The aim of the Bulletin Boards feature “is to allow creators and brands to share updates and behind-the-scenes content and to engage with their followers in a more direct way,” reports TechCrunch, noting it is an alternative to “sharing material through a Story or regular post on TikTok.”
“Creators with access can create a Bulletin Board directly from their inbox by tapping a plus sign” explains social media expert Lindsey Gamble via Social Media Today, adding that “from there, they can name it, write a description, and decide whether to display a ‘Join’ button on their profile.”
Gamble, who has his own social media newsletter, says that so far, access to TikTok’s Bulletin Boards is “currently limited to mostly high-profile accounts in publishing, sports, music, celebrity, and mega-creators,” listing People magazine and the Jonas Brothers as early adopters.
The message-like feed display of Bulletin Boards has drawn comparisons to the Broadcast Channels Instagram launched in 2023 that is now among the platform’s top three engagement options. “Broadcast Channels, then, provides a valuable connective option, and TikTok is now leaning into the same, as it looks to expand its usage,” Social Media Today points out.
YouTube similarly lets accounts share broadcast messages through Communities, a feature it expanded earlier this year.

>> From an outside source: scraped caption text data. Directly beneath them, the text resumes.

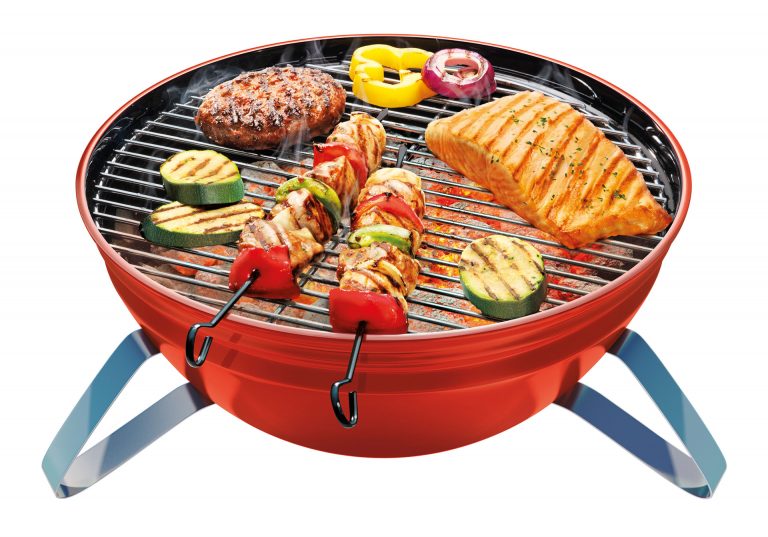 BBQ for Albert Heijn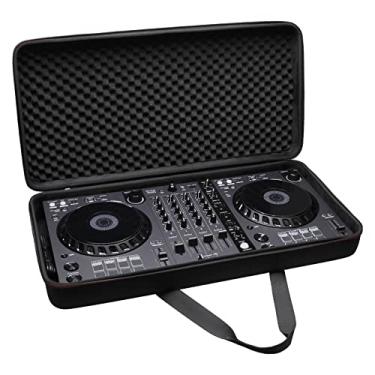 Imagem de L LTGEM Estojo Rígido Eva Compatível Com Rane One, Pioneer Dj Ddj-1000 Ou Ddj-Flx10 Ddj-Flx6-Gt, Bolsa Protetora Para Transporte E Armazenamento De 2 Decks Hercules Inpulse T7, Somente! (72,7 X 37,9
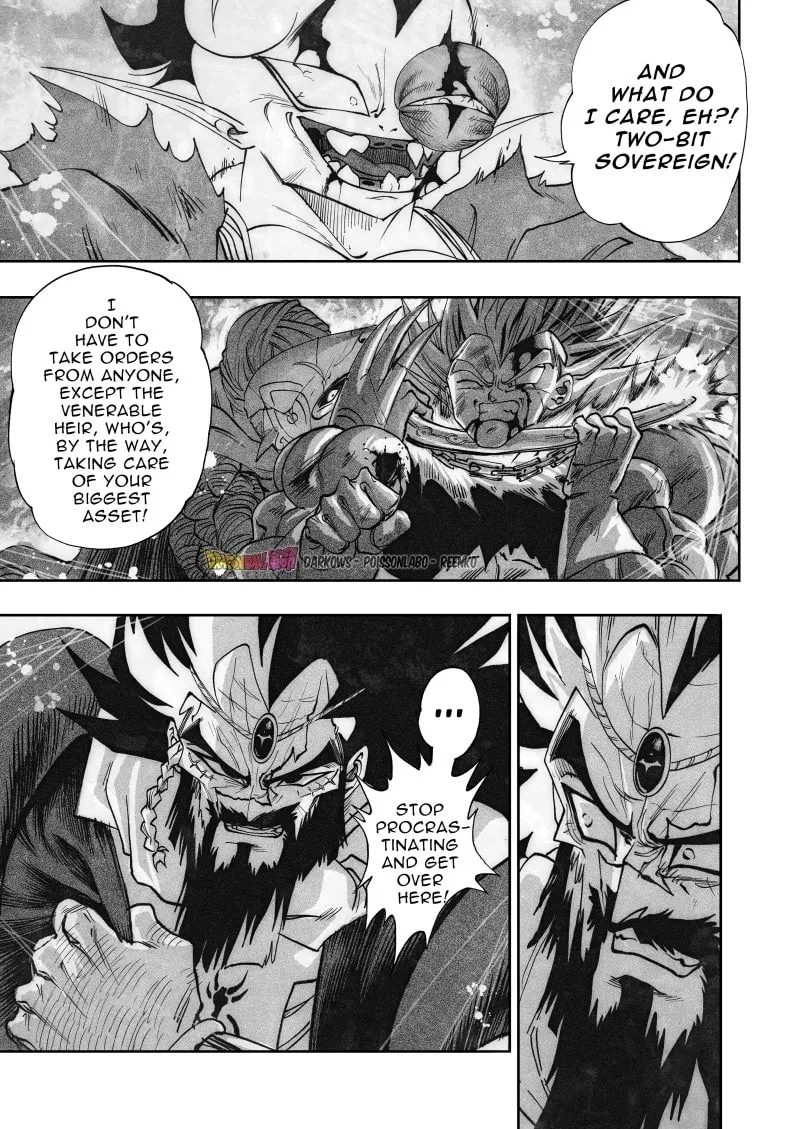 Dragon Ball Kakumei Chapter 5 page 67 - 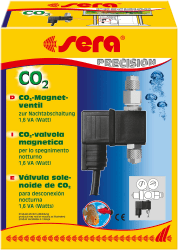 🌿🔧 Sera CO2-Magnetventil 2 W - Top-Angebot! 🌱💸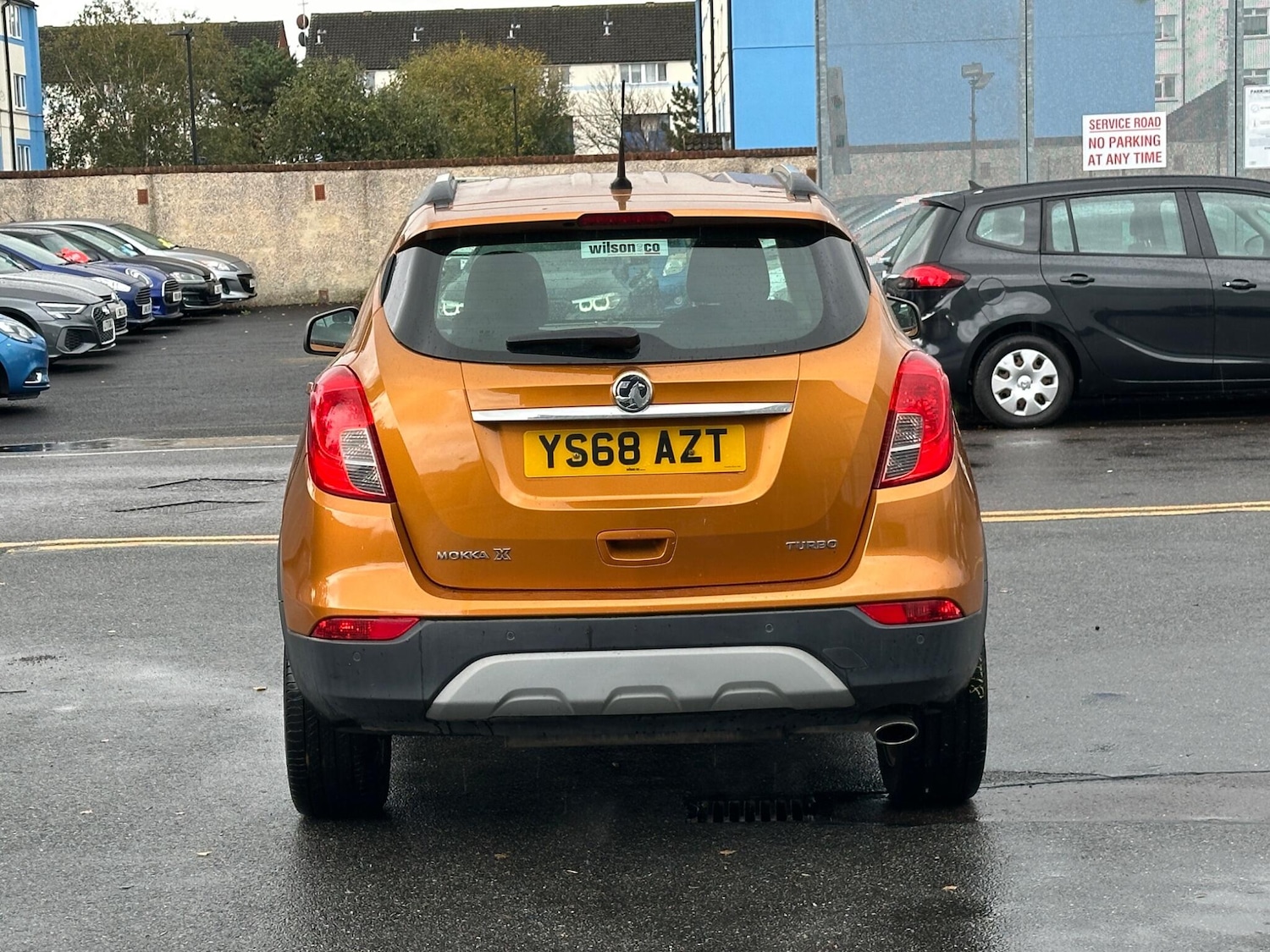 Used Vauxhall Mokka X 2018 for sale - 76360553: Photo 6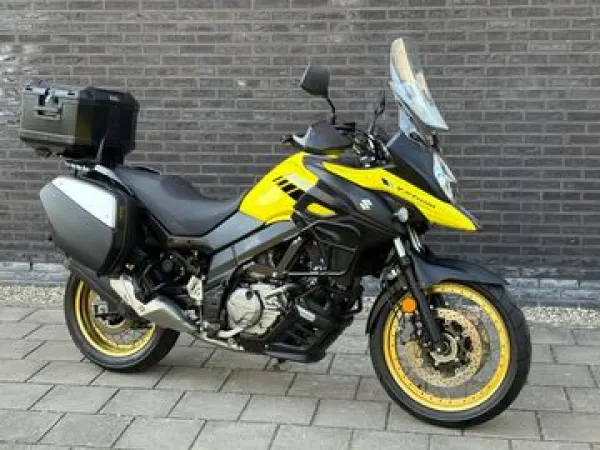 2020 Suzuki V-Strom 650 XTA - €7,990 (1/1)
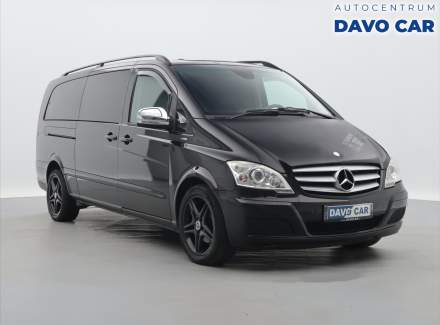 Mercedes-Benz - Viano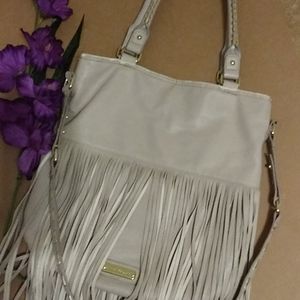 Fringed Steve Madden Purse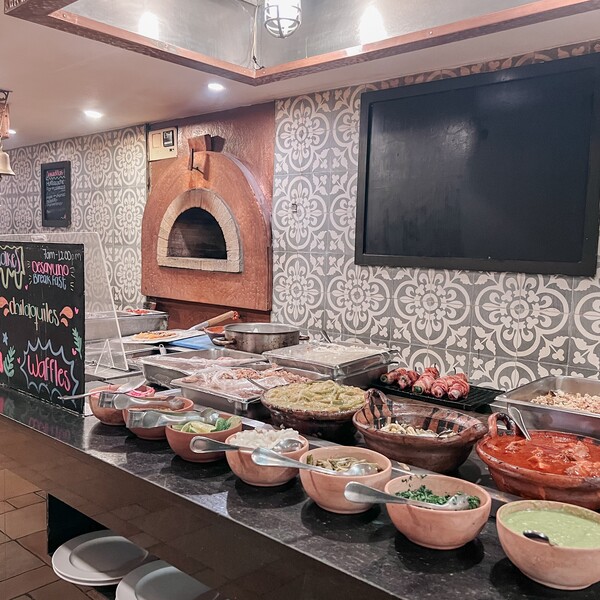Restaurante Condimento Emporio CDMX 10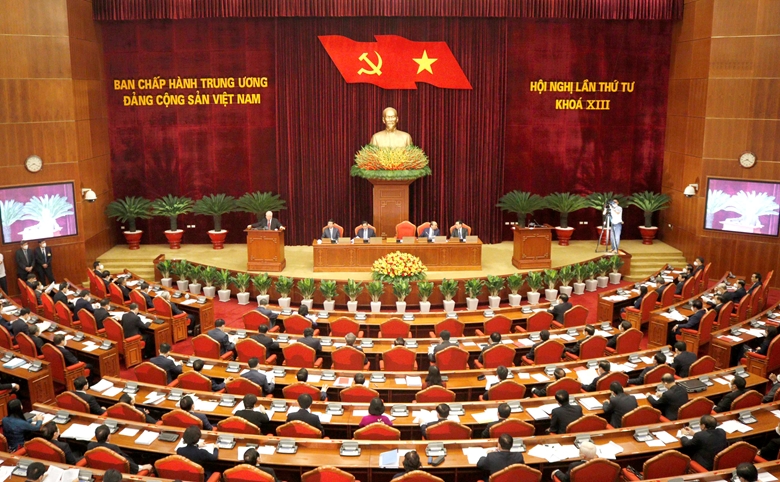 Chính phủ ban hành Chương trình hành động thực hiện Kết luận Hội nghị Trung ương 4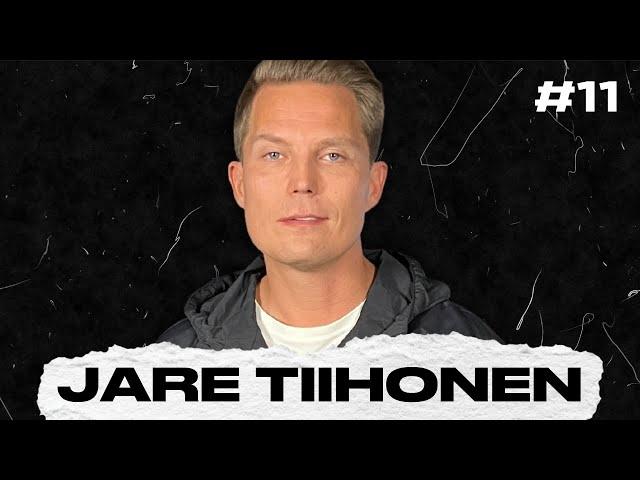 Jare Tiihonen: Miehestä vuoheksi | #11 Taakka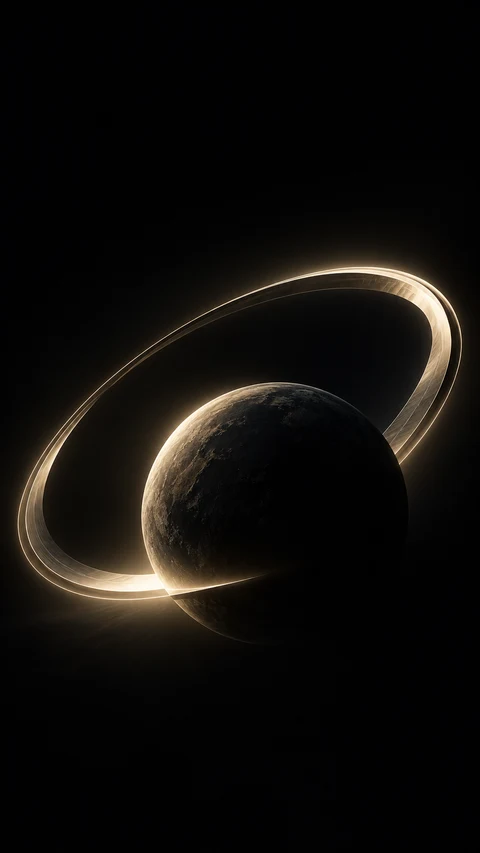 黑曜星环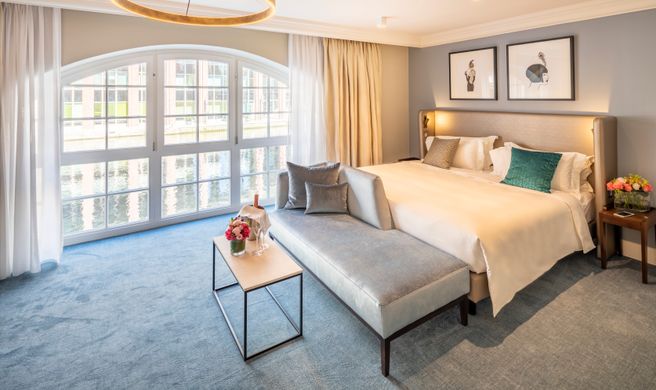 Fraser Suites Hamburg Exterior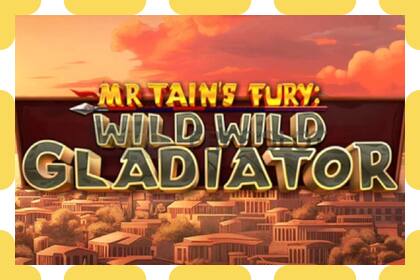 Slot demo Mr Tains Fury: Wild Wild Gladiator percuma dan tanpa pendaftaran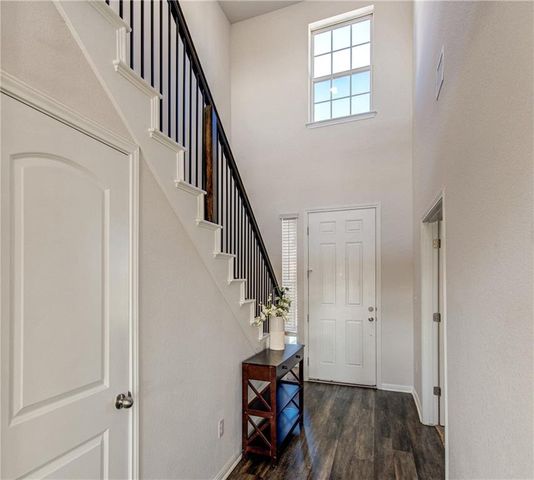 2709 Fortezza WAY, Round Rock, TX 78665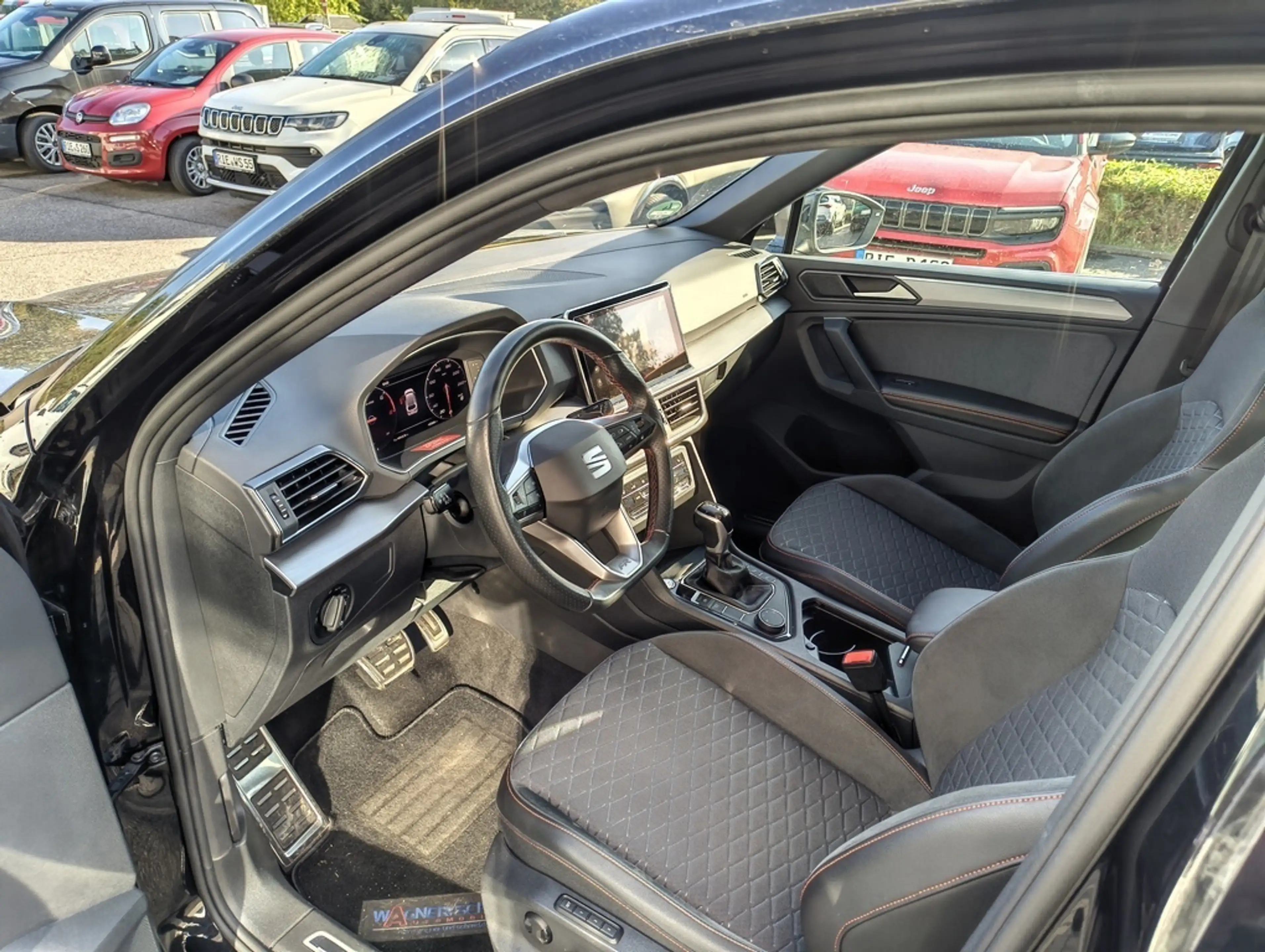 SEAT Tarraco FR 1.4 e-Hybrid DSG — photo 10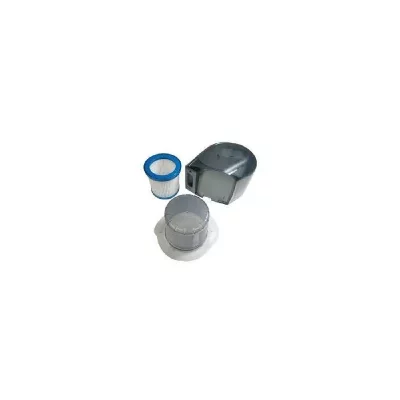 BLACK & DECKER Bac &agrave; poussi&egrave;re avec filtre inclus pour Aspirateur black et decker 90621435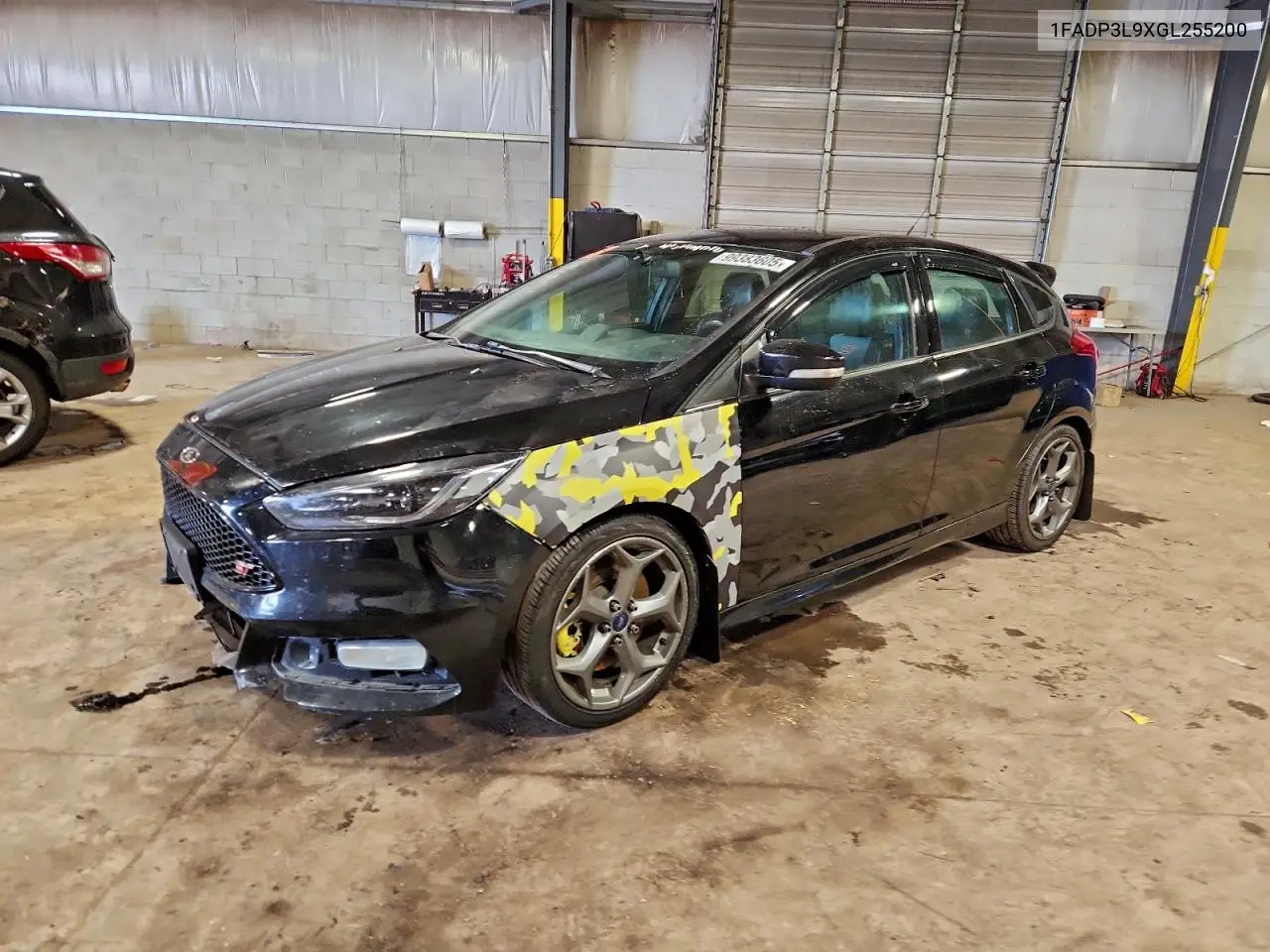 2016 Ford Focus St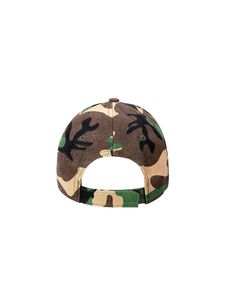 Vente en gros personnalisée 3D broderie logo 6 panneaux Baseball Snapback chapeaux casquettes couleurs unies unisexe extérieur réglable - Product Image 4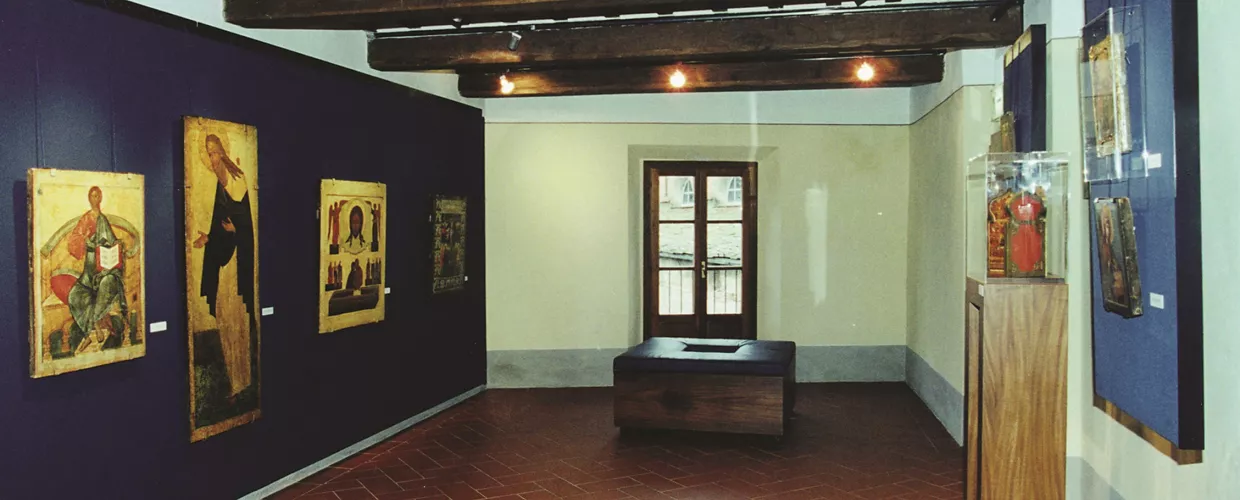Museum des Palazzo Pretorio in Prato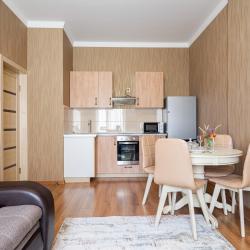 Фото Апартаменты на улице Розы Люксембург 69/2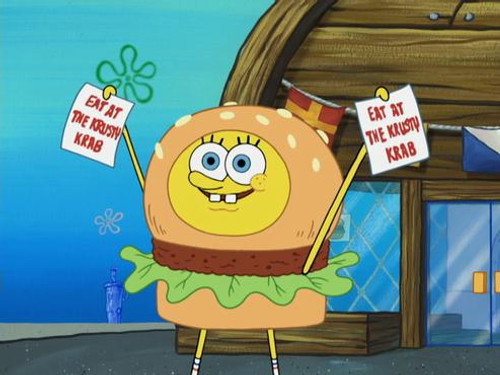 undefined Season 8 Episode 45 - The Good Krabby Name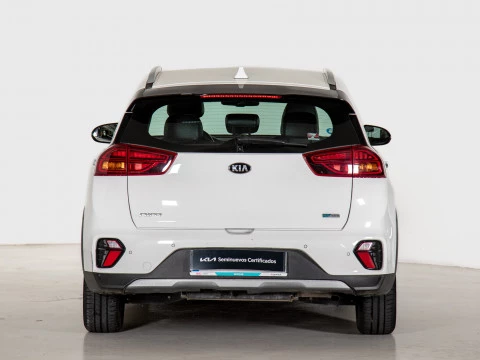 Kia Niro 1.6 GDi HEV 104kW (141CV) Drive Kia Niro 1.6 GDi HEV 104kW (141CV) Drive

Picking up on a TikTok announcement at Cannes Lions about adding more generative AI capabilities to its Symphony AI suite for advertisers, The Verge writes “here comes the sponcon,” explaining that the new Symphony features “go beyond generating basic videos and images — instead, the system’s new output mimics what audiences are used to seeing from human influencers.”
Bloomberg explains that Symphony, which was launched in 2024, now lets marketers “upload an image of a product they want to feature, or write a short text prompt describing the kind of video ad that they want, and TikTok’s AI tools will produce various five-second clips that can then be used in an ad.”